There is a study done in 2015 confirming coronoscopy is safe with a pacemaker. 


Background: Endoscopic polypectomy is believed to reduce the incidence of colorectal cancer, and it has become a standard practice for the removal of gastrointestinal polyps. However, for patients with implanted cardiac devices, endoscopic polypectomy is thought to be relatively contraindicated. Aside from two case reports from around 10 years ago, few studies have evaluated the safety of endoscopic polypectomy for this population. In this study, polypectomy was performed in 14 consecutive pacemaker patients to determine the safety of endoscopic polypectomy using high-frequency current in patients with implanted cardiac devices.

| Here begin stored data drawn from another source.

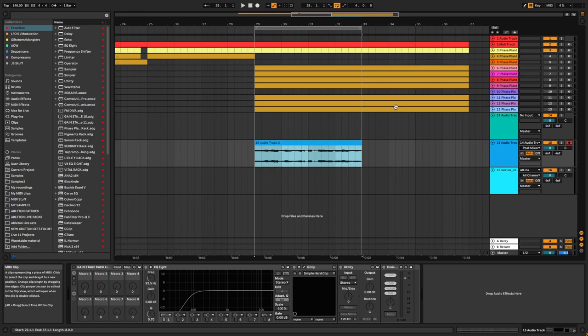Hey everyone, and welcome back to another video. Today it's going to be a little bit Ableton and Windows-specific workflow tip that I can give you.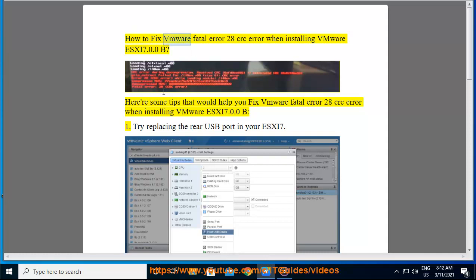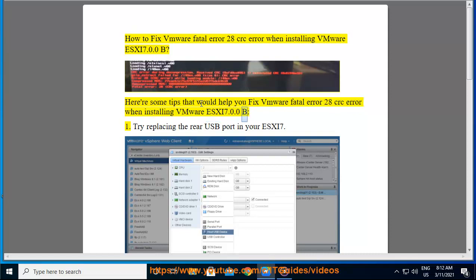How to fix VMware Fatal Error 28 when installing VMware ESXi 7.0.0b. Here are some tips that would help you fix this error.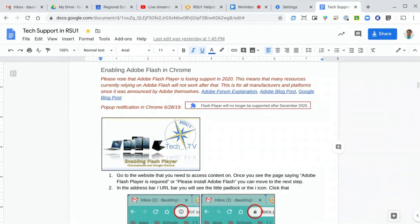So that being said, let's take a look at how to enable Adobe Flash on a website that is not currently loading it.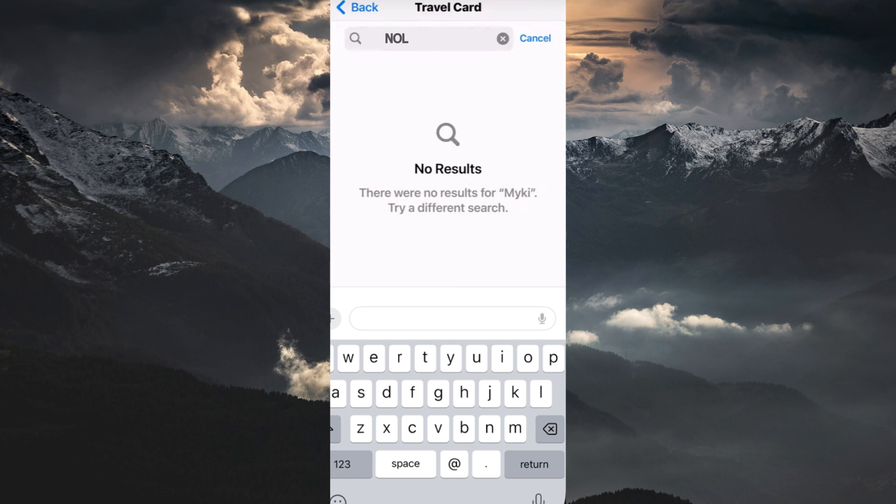Unfortunately, adding NOL cards directly to Apple Wallet isn't currently possible. This is because Apple prioritizes secure transactions within its ecosystem. While NOL cards likely have security measures, they might not meet the same strict standards required by Apple for Apple Wallet.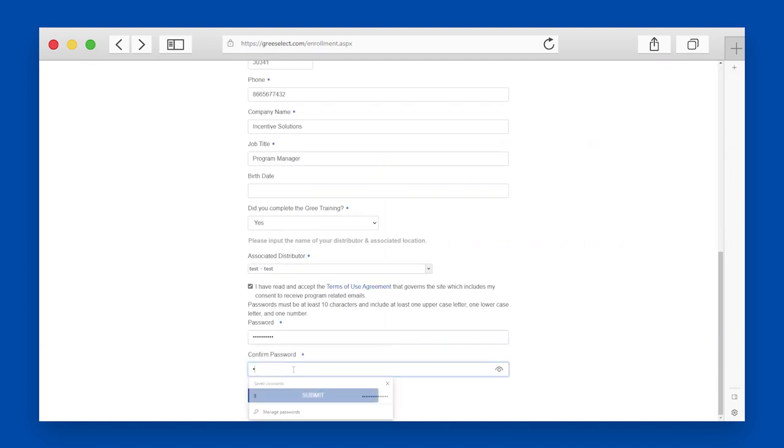You will need to complete the enrollment form, also with your preferred distributor with their location, create a password, and click Submit.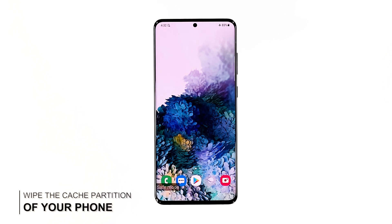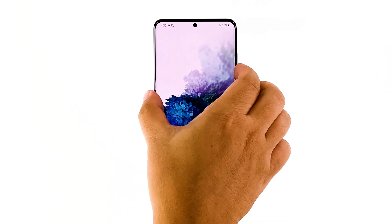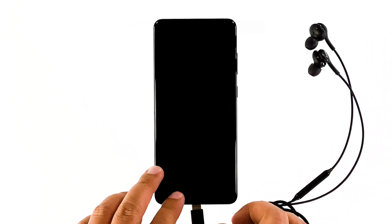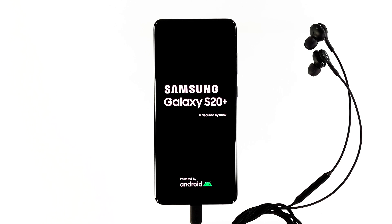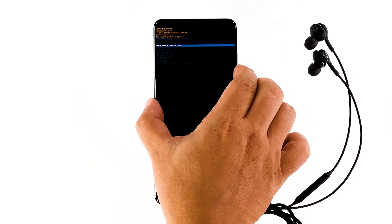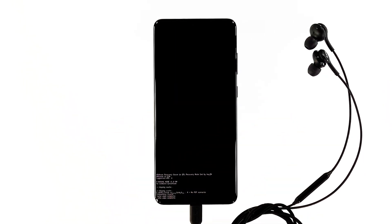Fifth solution: wipe the cache partition. It is also possible that the screen flickering issue is due to some corrupted cache. So the next thing you need to do is delete the current cache so that it will be replaced with a new one. Turn off your phone completely. If you've updated your phone to Android 11, connect the headset. Now press and hold the volume up button and the power key. Once the logo shows, release both keys and wait until your phone enters recovery mode. Use the volume down button to highlight the 'Wipe Cache Partition' option, then press the power key to select it. Highlight 'Yes' and press the power key. Once it's finished, select 'Reboot System Now' to restart your device.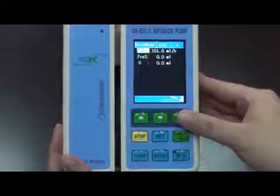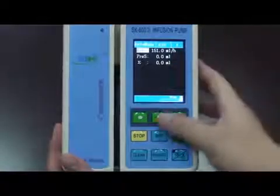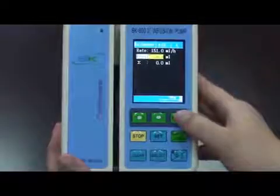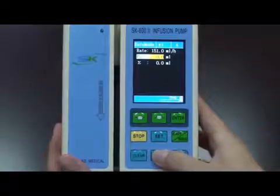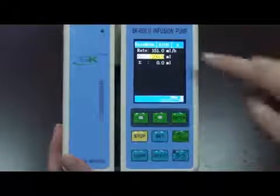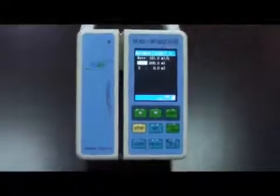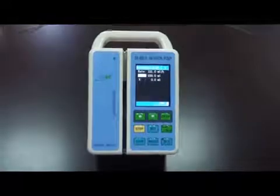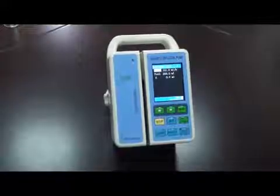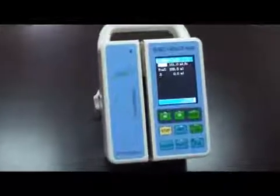Then press the enter key again. Now we change the preset volume to 200ml. Press the down key to choose it first, then press enter key again — now this value has been chosen. Make it 100, press twice, it becomes 200. Then press enter key. Now you will see the RAID is 151 and the preset volume is 200ml — you can start the infusion. This is how we change the parameters in RAID mode. It is very simple.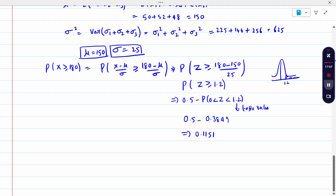This is the way to handle problems when three means and three standard deviations are given. The same procedure extends to four or five subjects — whatever data is given, the procedure remains the same. Thank you.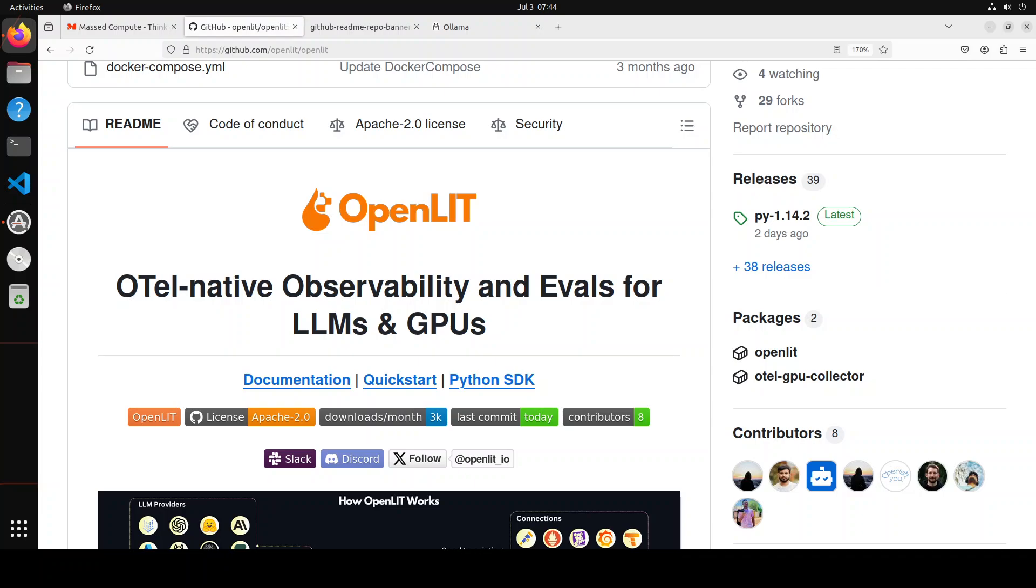I am genuinely excited to share this tool with you, and I promise by the end of this video you will agree with me. In this video, we are going to install this tool, OpenLIT, on our local system, and then we will monitor our LLM usage with it.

Methods: Fourteen patients with gastrointestinal polyps and implanted cardiac devices were evaluated, and endoscopic polypectomy was performed. Continuous monitoring of heart rate, blood pressure, oxygen saturation and electrocardiographic tracing was conducted. A trained cardiologist was present during the procedures. At the end of the procedures, the cardiac devices were reinterrogated to check for any changes.

Results: Our results showed that a total of 61 procedures in 14 patients were all successfully completed, and no abnormalities were identified during continuous monitoring. There were no statistically significant differences in the preoperation, intraoperation and postoperation data. None of the patients suffered any arrhythmias or functional disruption to their cardiac devices.

Conclusions: Endoscopic polypectomy using high-frequency current appears to be safe when performed in patients with pacemakers. However, larger multicentre studies are needed to confirm the safety of this procedure in this patient population.

"Endoscopic polypectomy for pacemaker patients: is it safe?" by Yue Li  and others.